*Your objective*: Return, with both end lines included, exactly what the data below holds from the line with "Adesivo Redondo Eu" through the line with "Jesse Welles July", though not the pictures.

*Extracted entries*:
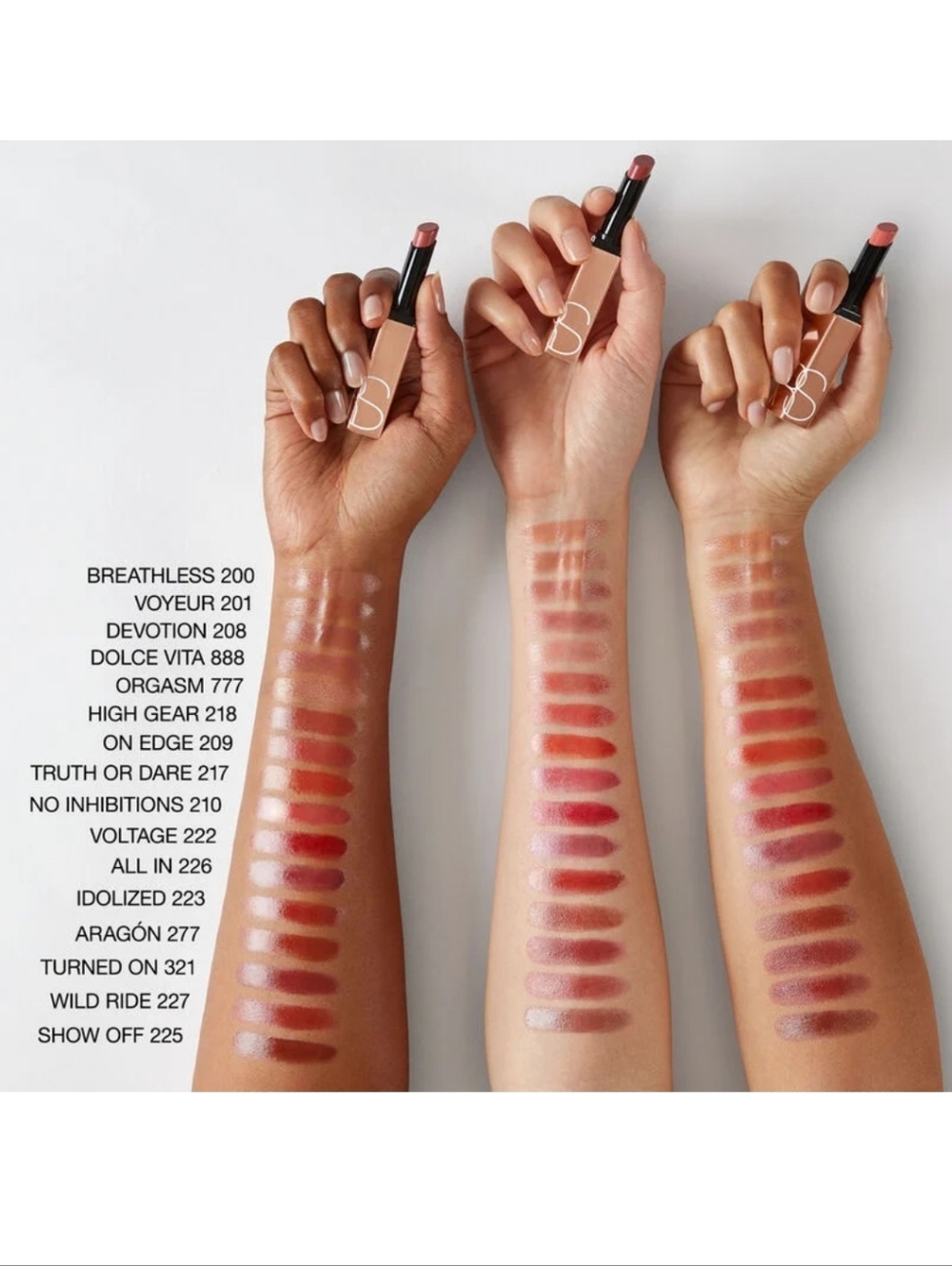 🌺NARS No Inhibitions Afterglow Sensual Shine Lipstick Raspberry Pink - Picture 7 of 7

...

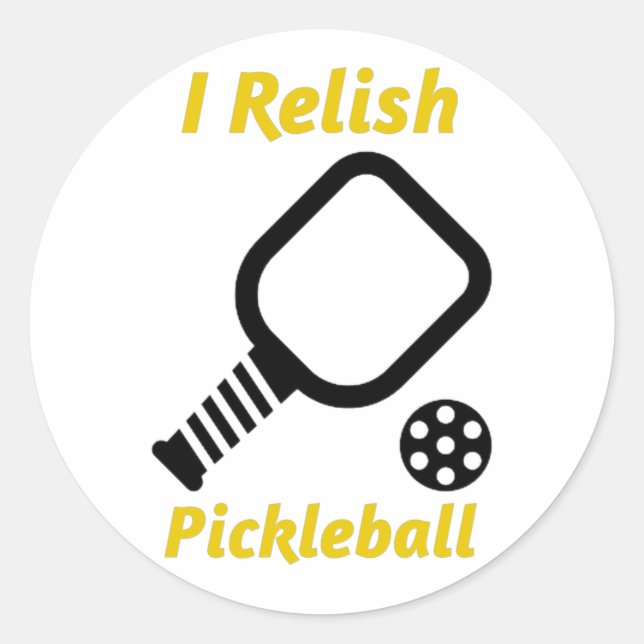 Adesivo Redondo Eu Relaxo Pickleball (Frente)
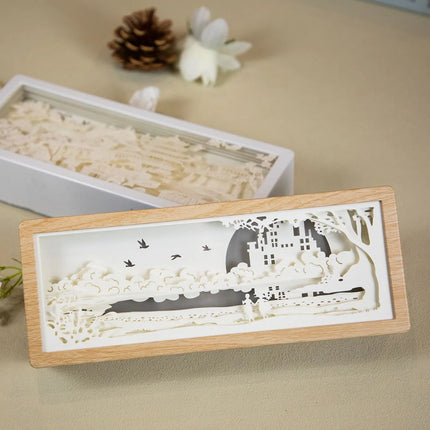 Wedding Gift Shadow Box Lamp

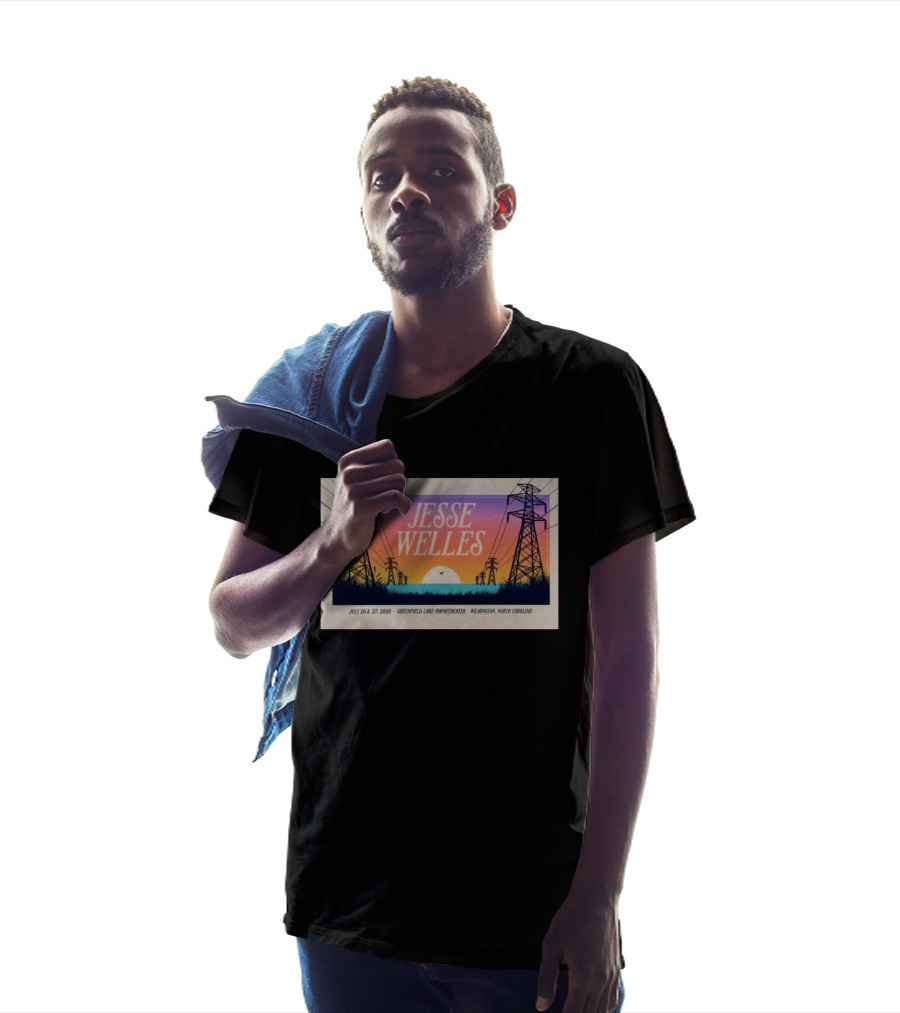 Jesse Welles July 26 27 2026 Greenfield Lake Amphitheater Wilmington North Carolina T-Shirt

*Written solution*:
 Adesivo Redondo Eu Relaxo Pickleball (Frente)
 Wedding Gift Shadow Box Lamp

 Jesse Welles July 26 27 2026 Greenfield Lake Amphitheater Wilmington North Carolina T-Shirt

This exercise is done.